[Peveril of the Peak by Sir Walter Scott]@TWC D-Link bookPeveril of the Peak CHAPTER XX 2/10
The Countess had seen her on a public stage at Ostend--compassionated her helpless situation, and the severe treatment she received--and had employed him to purchase the poor creature from her master, and charged him with silence towards all her retinue.--"And so I do keep silence," continued the faithful confidant, "van I am in the havens of Man; but when I am on the broad seas, den my tongue is mine own, you know.
Die foolish beoples in the island, they say she is a wechsel-balg--what you call a fairy-elf changeling.
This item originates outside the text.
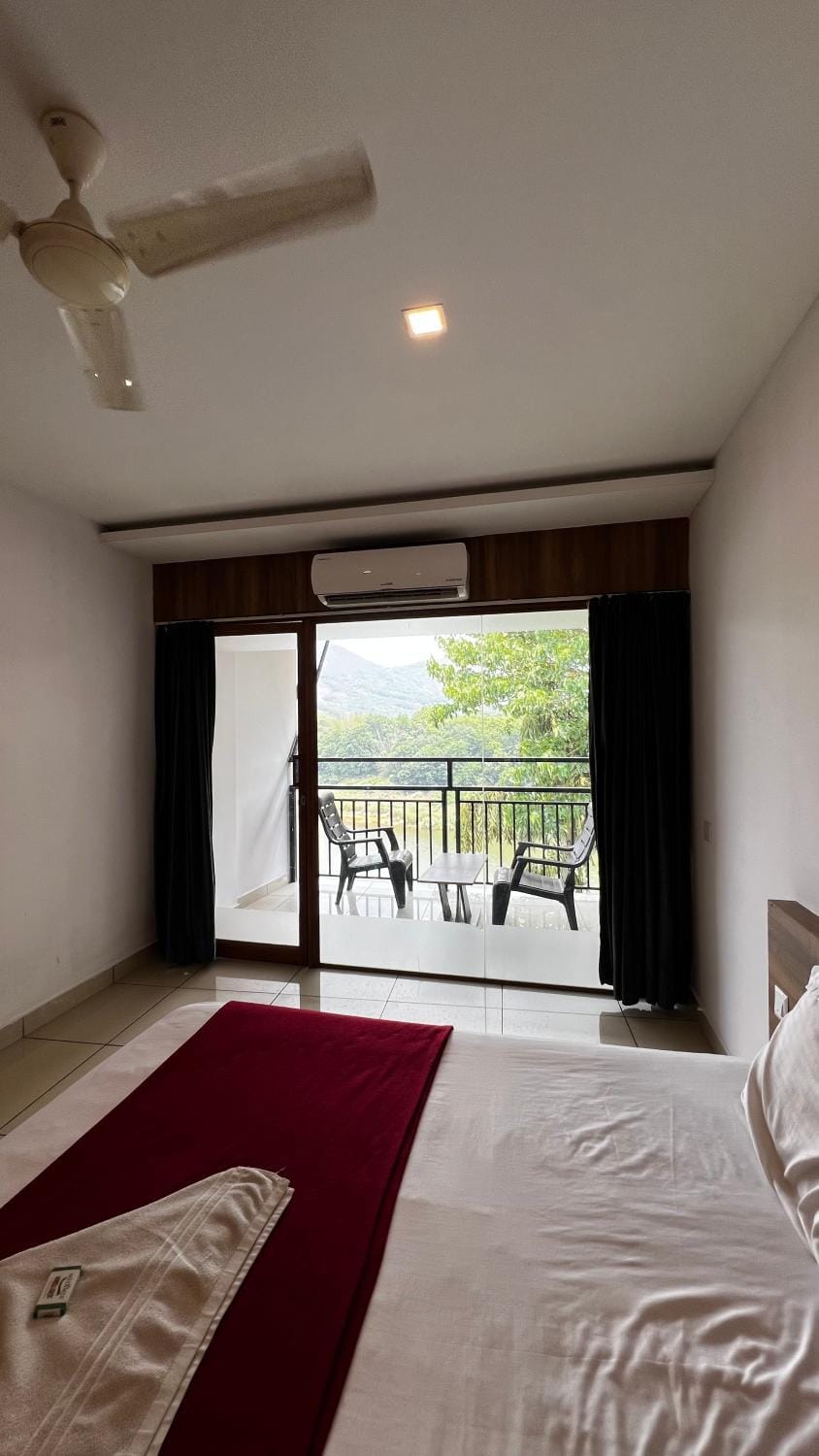 Peacock residency Hotel in Kerala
My faith, they do not never have seen ein wechsel-balg; for I saw one myself at Cologne, and it was twice as big as yonder girl, and did break the poor people, with eating them up, like de great big cuckoo in the sparrow's nest; but this Venella eat no more than other girls--it was no wechsel-balg in the world." By a different train of reasoning, Julian had arrived at the same conclusion; in which, therefore, he heartily acquiesced.
During the seaman's prosing, he was reflecting within himself, how much of the singular flexibility of her limbs and movements the unfortunate girl must have derived from the discipline and instructions of Adrian Brackel; and also how far the germs of her wilful and capricious passions might have been sown during her wandering and adventurous childhood.
Aristocratic, also, as his education had been, these anecdotes respecting Fenella's original situation and education, rather increased his pleasure of having shaken off her company; and yet he still felt desirous to know any farther particulars which the seaman could communicate on the same subject.